Kartar Singh Sarabha Grewal (1896-1915) was an Indian revolutionary who was amongst the most famous accused in the Lahore conspiracy trial. A leading luminary of the Ghadar Party, Kartar Singh was executed at Lahore in November 1915 for his role in the Ghadar Conspiracy in February 1915.

Early life

Kartar Singh Sarabha Grewal was born into a Grewal Jat Sikh family at village Sarabha in the district of Ludhiana, Punjab, in 1896. His father's name was Sardar Mangal Singh. When he was fifteen, his parents put him on board a ship for America to work there. The ship landed at the American port of San Francisco in January 1912. The American Immigration officer put Indians through rigorous questioning while people of other countries were allowed to pass after slight checks. Kartar Singh asked one of the passengers about this type of behaviour. He told him, "Indians are the citizens of a slave country. As such, they are treated badly." This incident had a great effect on Sarabha.

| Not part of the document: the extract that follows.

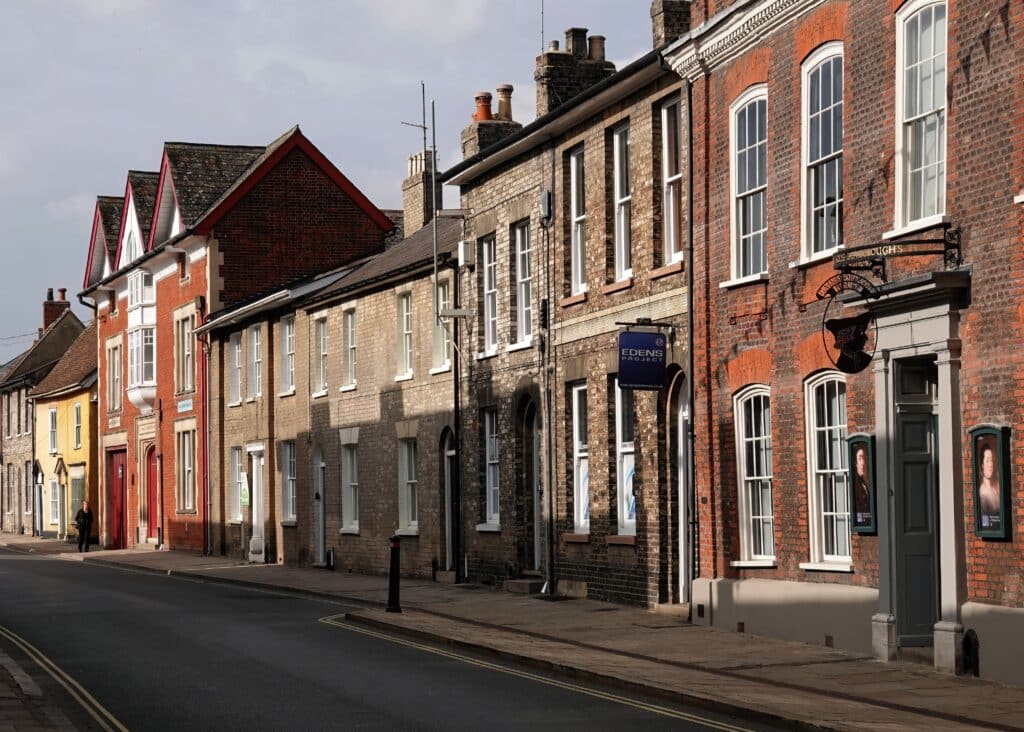 A street scene featuring Gainsborough House, a museum dedicated to the artist Thomas Gainsborough, and neighbouring historic properties in Sudbury, Suffolk, UK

In 1914, Indians worked in foreign countries either as indentured labourers or soldiers fighting for the consolidation of British rule or extending the boundaries of the British Empire. Kartar enrolled at the University of California at Berkeley (UCB) and also took up the work of picking fruit in orchards. He frequently talked to other Indians about getting his country freed.

The Ghadar Party and Newspaper

On April 21, 1913, the Indians of California assembled and formed the Ghadar Party (Revolution Party). The aim of the Ghadar Party was to get rid of the slavery of the British by means of an armed struggle and set up a national democratic government. Their slogan was "Put at stake everything for the freedom of the country." On the November 1, 1913, the Ghadar Party started printing a paper named Ghadar, which was published in the Punjabi, Hindi, Urdu, Bengali, Gujarati and Pushto languages. Kartar Singh did all the work for that paper.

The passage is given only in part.